I am creating a scatter density diagram for my bachelor thesis. I now have the following problem: I would like to count the respective points in the error zone as well as above and below the error zone. However, the code tells me that there are no points below the error zone. I use the following code to create the error zone and count the points in the error zone
import pandas as pd
import matplotlib.pyplot as plt
import numpy as np
from scipy.stats import gaussian_kde
# Sort data in ascending order
data1_sorted = data1.sort_values(by='data')
# Use of tau values from the already opened data frame data1_sorted
tau_values = data1_sorted['data'].values * 0.15 + 0.05
# Plotting the expected error zone (only the boundary lines)
ax.plot(tau_values + 0.05, data1_sorted['data'].values, color='green', linestyle='--')
ax.plot(tau_values - 0.05, data1_sorted['data'].values, color='green', linestyle='--')
# Count points within the error zone for data1
points_inside_zone_data1 = (data1['data'].values >= (np.min(tau_values) - 0.05)) & (data1['data'].values <= (np.max(tau_values) + 0.05))
# Count points within the error zone for data2
points_inside_zone_data2 = (data2['data'].values >= (np.min(tau_values) - 0.05)) & (data2['data'].values <= (np.max(tau_values) + 0.05))
# Total number of points within the error zone
total_points_inside_zone = np.sum(points_inside_zone_data1) + np.sum(points_inside_zone_data2)
# Total number of points in both data sets
total_points = len(data1) + len(data2)
# Percentage of points within the error zone
percentage_inside_zone = (total_points_inside_zone / total_points) * 100
# Count points above the error zone for data1
points_above_zone_data1 = data1['data'].values > (np.max(tau_values) + 0.05)
# Count points above the error zone for data2
points_above_zone_data2 = data2['data'].values > (np.max(tau_values) + 0.05)
# Count points below the error zone for data1
points_below_zone_data1 = data1['data'].values < (np.min(tau_values) - 0.05)
# Count points below the error zone for data2
points_below_zone_data2 = data2['data'].values < (np.min(tau_values) - 0.05)
# Total number of points below the error zone
total_points_below_zone = np.sum(points_below_zone_data1) + np.sum(points_below_zone_data2)
# Total number of points above the error zone
total_points_above_zone = np.sum(points_above_zone_data1) + np.sum(points_above_zone_data2)

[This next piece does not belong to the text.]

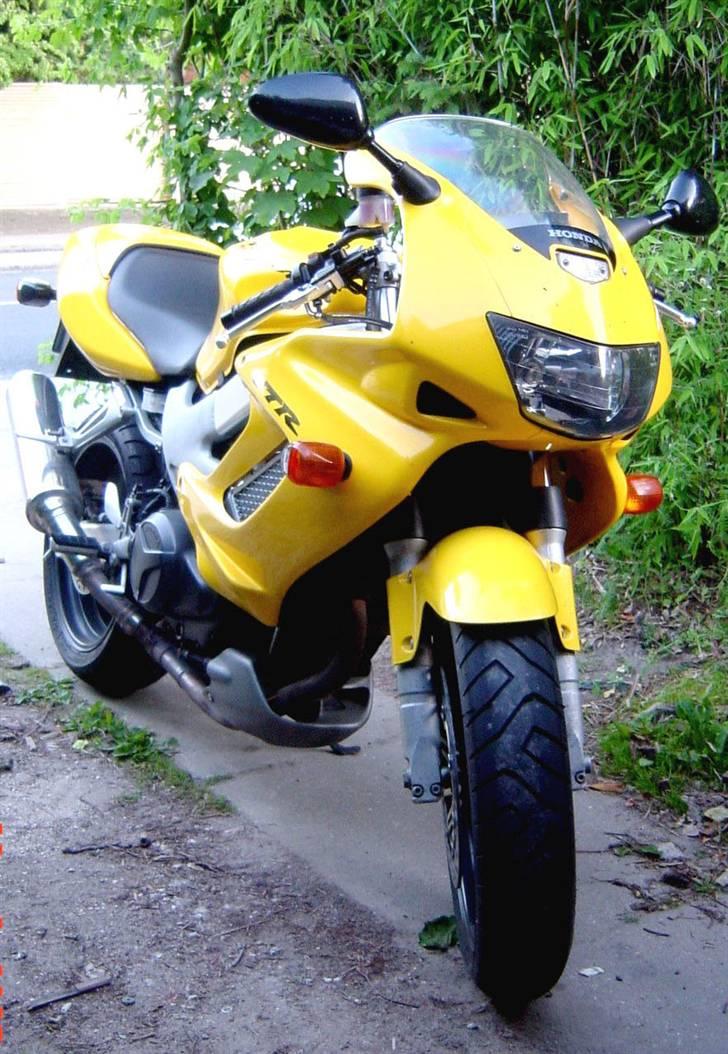 Mine tidligere transportmuligheder  - Afløseren for XRV blev denne VTR firestorm....Nøj hvor var det fedt ifht 750..
sådan så den ud da jeg hentede den billede 4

# Total number of points in both data sets
total_points = len(data1) + len(data2)
#Percentage of points above the error zone
percentage_above_zone = (total_points_above_zone / total_points) * 100
# Percentage of points below the error zone
percentage_below_zone = (total_points_below_zone / total_points) * 100
# Percentage of points within the error zone
percentage_inside_zone = (total_points_inside_zone / total_points) * 100
I looked for the error in my data points and tried to change it somehow (both files are two .csv files with one column for the values. However, both files have different numbers of entries). I checked to see if there were really no points below the zone by displaying the values of the lower ones. From then on, I am at a loss, I hope you can help me find a solution to this problem.